The question remains whether Israel genuinely wants a ceasefire at this point. Israel’s Prime Minister Benjamin Netanyahu’s office has announced that while Israel considers how to respond to the Hamas agreement, Israel’s war cabinet has “unanimously decided” to continue operation in Rafah. Salama Marouf, a spokesperson for the Hamas-run Gaza government office, released a statement claiming that Israel “went into truce negotiations deceptively without abandoning the idea of ​​a broad aggression against Rafah.”

Israel’s Rafah invasion has intensified over the last 48 hours. In the morning hours on Monday, the Israeli military dropped leaflets in eastern Rafah telling residents to evacuate temporarily to a humanitarian zone in central Gaza between Khan Younis and Gaza City. Shortly thereafter, Israel began a sustained bombing campaign on Rafah. The Israeli military claimed it was “conducting targeted strikes against Hamas terror targets in eastern Rafah,” and has thus far not called for a “wide-scale evacuation of Rafah.” 


“This is a very specific scoped operation at the moment to move people out of harm’s way,” Israeli military spokesperson Lt. Col. Nadav Shoshani claimed.

And Israel is not alone in continuing hostilities while a ceasefire agreement is within reach. Hamas’s agreement to a ceasefire was a surprise; the terror group has continued rocket strikes against Israeli targets. On Sunday, a Hamas rocket attack launched from Rafah killed four Israeli soldiers near the Kerem Shalom border crossing.

President Joe Biden has repeatedly told Netanyahu to not invade Rafah and that doing so could jeopardize America’s support in the Gaza war. According to the White House, Biden and Netanyahu spoke over the phone about the ceasefire agreement and operations in Rafah in which the president “reiterated his clear position on Rafah.”

Matthew Miller, a State Department spokesman, told the press that U.S. officials received confirmation that Hamas had accepted a ceasefire agreement and officials have now been given the chance to “review it, digest it, discuss it with our partners.”
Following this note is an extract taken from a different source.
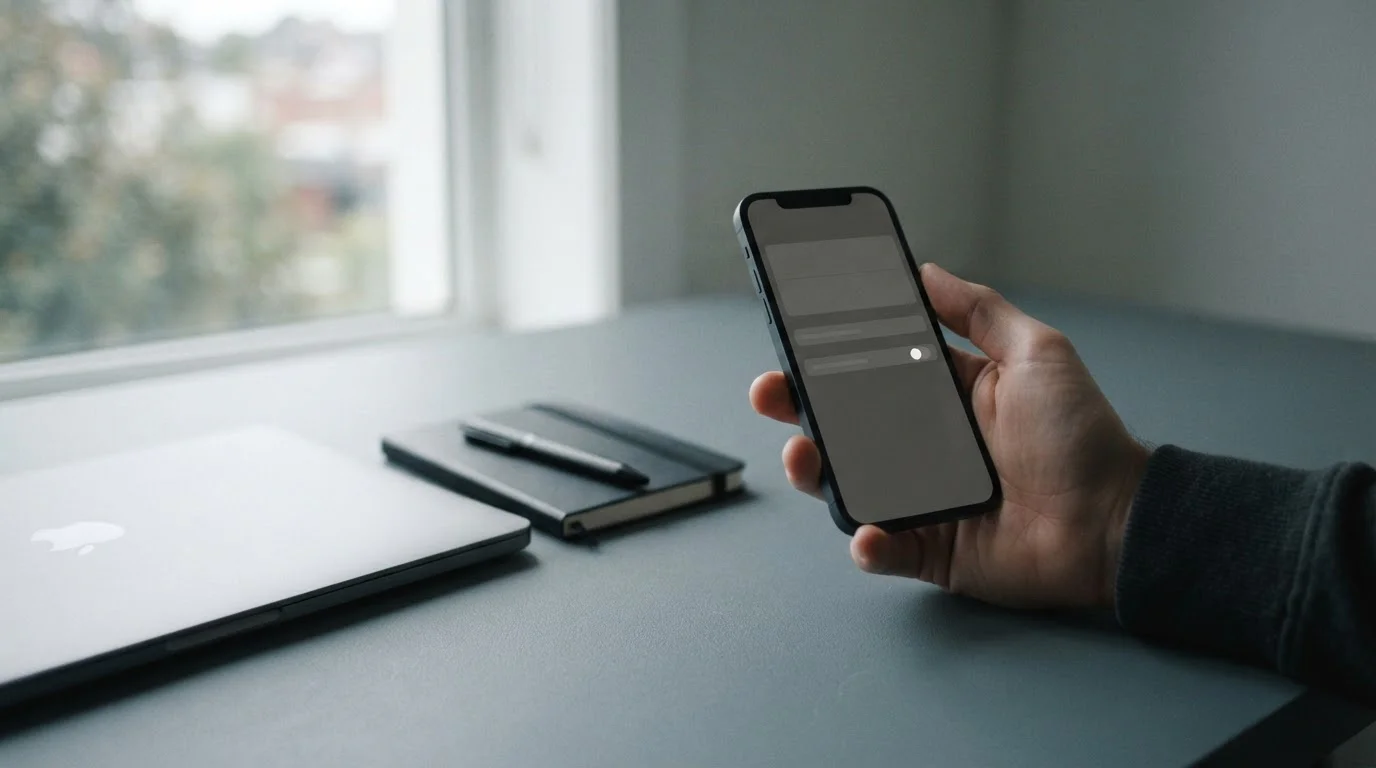 Mano sosteniendo un teléfono con pantalla neutra que sugiere una app instalada fuera de la tienda oficial
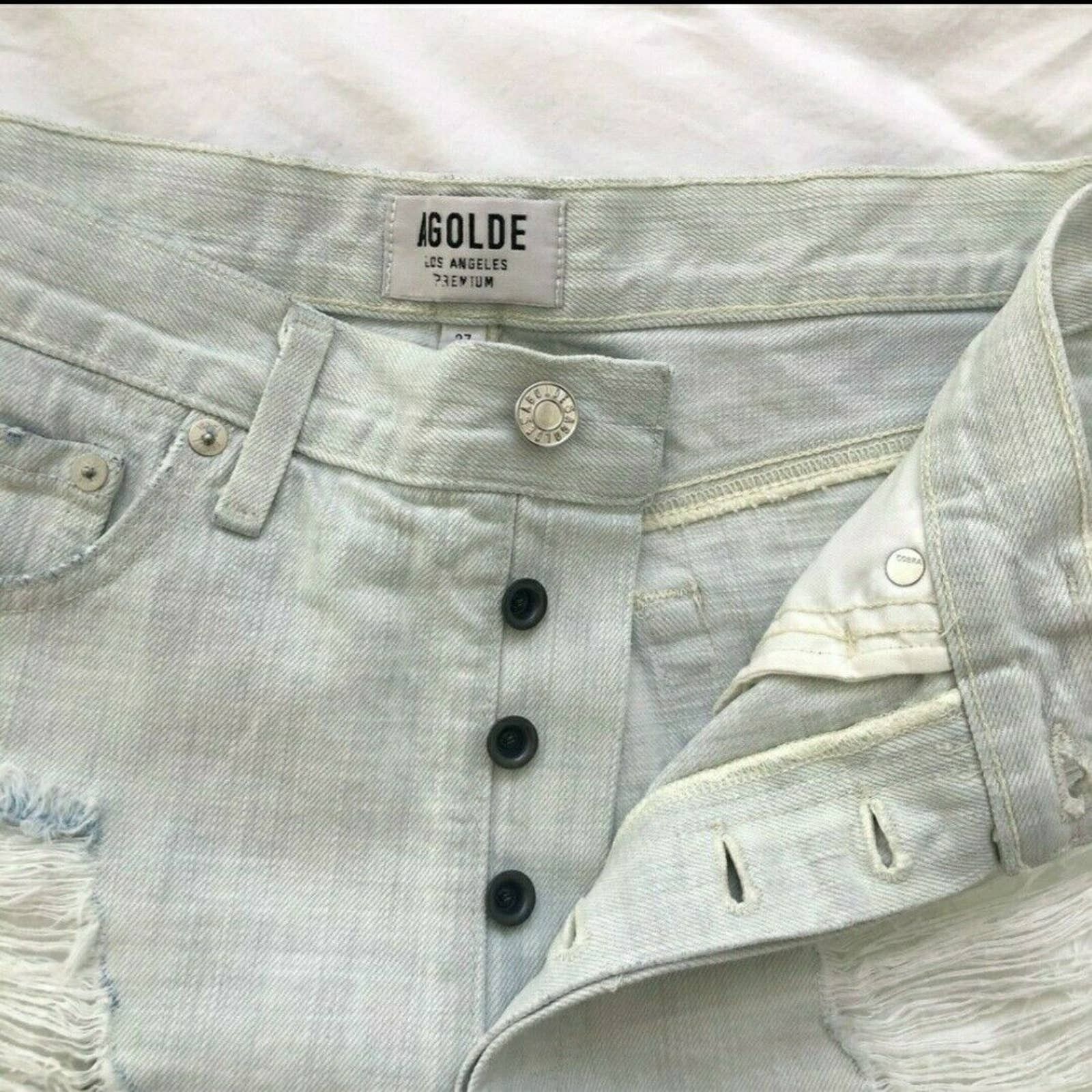 AGOLDE Parker Vintage Cut Off Distressed High-Rise Blanche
“I don’t want to characterize the nature of that response just yet,” Miller added.

During a Monday press conference, National Security Council spokesman John Kirby said, “[CIA Director William J. Burns], as you know, is there, and he’s working this in real time on the ground.”

“We want to get these hostages out. We want to get a cease-fire in place for six weeks. We want to increase humanitarian assistance,” he continued. “And the last thing that I want to do is say anything at this podium that’s going to put that process at risk.”